Farrukh Javed: Department of Statistics, Lund University

Work in progress

Abstract

This paper aims to examine the role of macroeconomic variables in determining the return volatility of the US stock market. We apply the GARCH-MIDAS (Mixed Data Sampling) model to examine whether information contained in macroeconomic variables can help to predict short-term and long-term components of the return volatility. We investigate several alternative models and a use large group of economic variables. A principal component analysis is used to incorporate the information contained in different variables. We show that the GARCH-MIDAS model outperforms the traditional GARCH model regarding the out-of-sample forecast ability.

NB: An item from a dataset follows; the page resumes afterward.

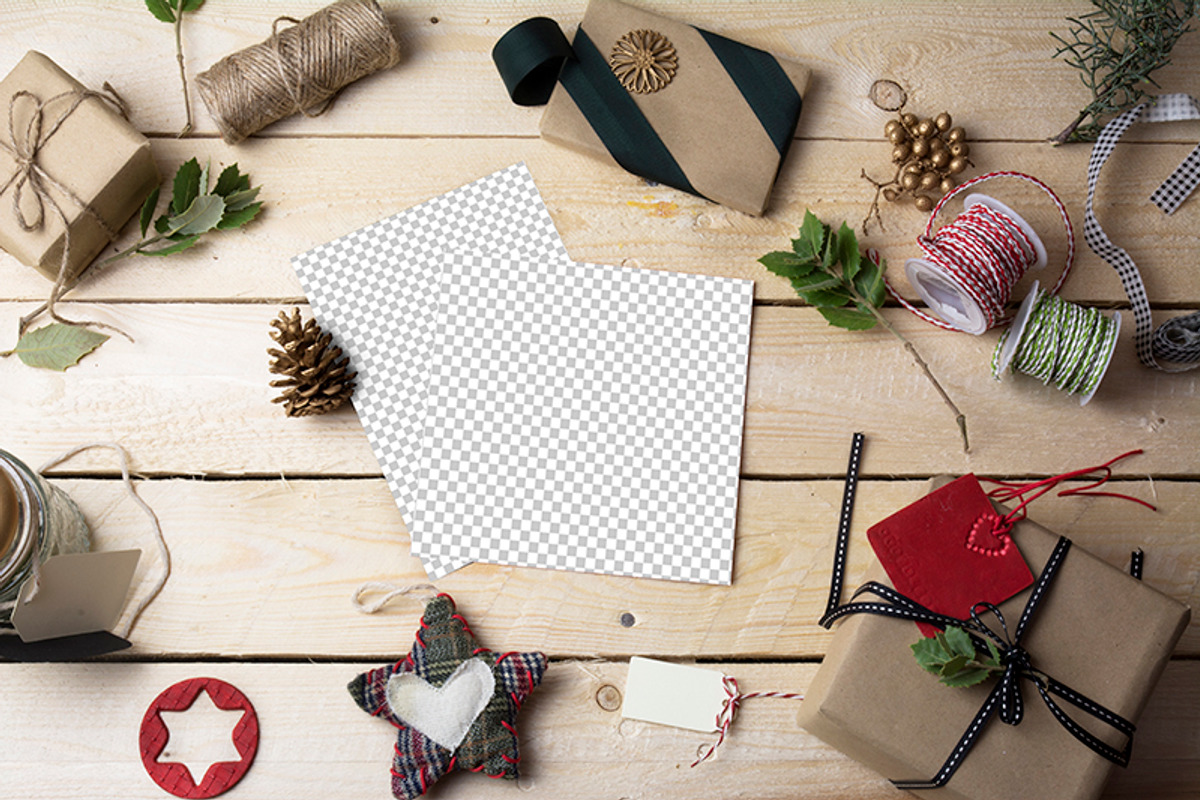 Xmas-Holiday invitation PSD mockup, a Print Template by JAY MID IMAGE (Photo 3 of 3)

Adding information from macroeconomic variables to the GARCH-MIDAS model further improves the model’s prediction power.

1. Introduction

A correct assessment of future volatility is crucial for asset allocation and risk management. Countless studies have examined the time-variation in volatility and the factors behind this time variation, and documented a clustering pattern. Different variants of the GARCH model have been pursued in different directions to deal with these phenomena. Simultaneously, a vast literature has investigated the linkages between volatility and macroeconomic and financial variables. Schwert (1989) relates the changes of the returns volatility to the macroeconomic variables and addresses that bond returns, short term interest rate, producer prices or industrial production growth rate have incremental information for monthly market volatility. Glosten et al. (1993) find evidence that short term interest rates play an important role for the future market variance. Whitelaw (1994) finds statistical significance for a commercial paper spread and the one year treasury rate, while Brandt & Kang (2002) use the short term interest rate, term premium, and default premium and find a significant effect. Other research including Hamilton & Lin (1996) and Perez & Timmermann (2000) have found evidence that the state of the economy is an important determinant in the volatility of the returns.

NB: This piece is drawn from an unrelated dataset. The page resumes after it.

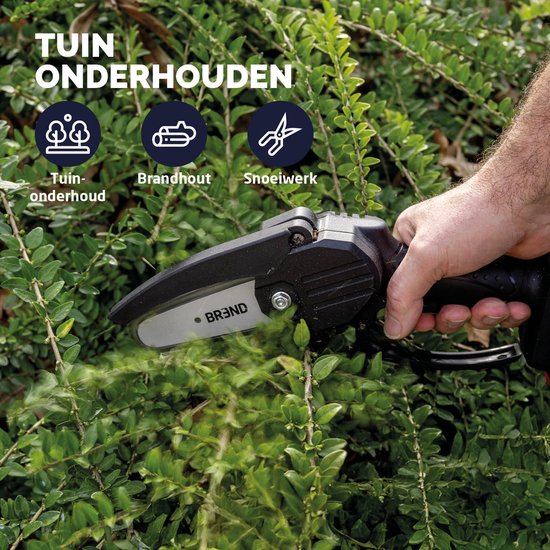 BREND BR-2236 Elektrische Mini Kettingzaag met Accu en Opbergkoffer – Draadloze Snoeizaag voor Takken en Stammen – 20 Min Zaagtijd – Zwart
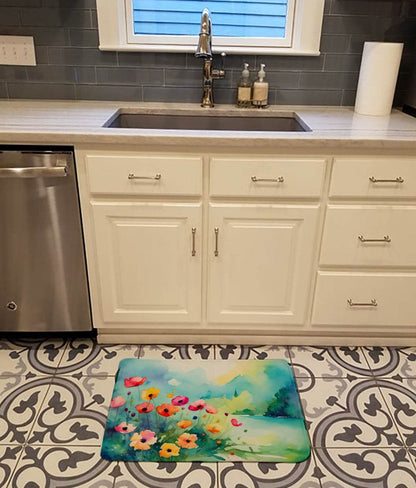 Anemones in Watercolor Memory Foam Kitchen Mat - Loft&Timber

Since the analyses of the time-varying volatility are mostly based on high frequency data, the previous studies are mostly limited to variables such as short term interest rates, term premiums, and default premiums, for which daily data are available. Therefore, the impacts of variables such as unemployment rate and inflation on volatility have not been sufficiently examined. Ghysels et al. (2006) introduce a regression scheme, namely MIDAS (Mixed Data Sampling) which allows inclusion of data from different frequencies into the same model. This makes it possible to combine the high-frequency return data with macroeconomic data that are only observed in lower frequencies such as monthly or quarterly. Engle et al. (2009) propose the GARCH-MIDAS model within the MIDAS framework to analyze the time-varying market volatility. Within this framework, the conditional variance is divided into the long-term and short-term components. The low frequency variables affect the conditional variance via the long-term component. This approach combines the component model suggested by Engle and Lee (1999)[1] with the MIDAS framework of Ghysels et al. (2006). The main advantage of the GARCH-MIDAS model is that it allows us to link the daily observations on stock returns with macroeconomic variables, sampled at lower frequencies, in order to examine directly the macroeconomic variables’ impact on the stock volatility.

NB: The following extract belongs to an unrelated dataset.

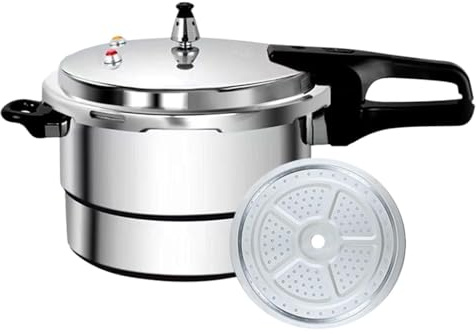 Olla a presión grande – 7 litros de capacidad para comidas rápidas y uniformes, diseño de doble asa, de control de mango , base compatible con inducción + rápida distribución del calor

In this paper, we apply the recently proposed methodology, GARCH-MIDAS, to examine the effect of the macroeconomic variables on the stock market volatility. Departing from Engle et al. (2009), our investigation mainly focuses on variance predictability and aims to analyze if adding economic variables can improve the forecasting abilities of the traditional volatility models. Using GARCH-MIDAS we decompose the return volatility to their short-term and long-term components, where the latter is affected by the smoothed realized volatility and/or by macroeconomic variables. We examine a large group of macroeconomic variables which includes; unexpected inflation, term premium, per capital labor income growth, default premium, unemployment rate, short term interest rate, per capital consumption. We investigate the ability of the GARCH-MIDAS models with different economic variables in predicting both short term and long term volatilities. The performance of these models are then compared with a GARCH(1,1) model as a benchmark. In order to capture the information contained in different economic variables and investigate their combined effect, we perform a principal component analysis. Another advantage of this approach is to reduce the number of parameters and increase the computational efficiency.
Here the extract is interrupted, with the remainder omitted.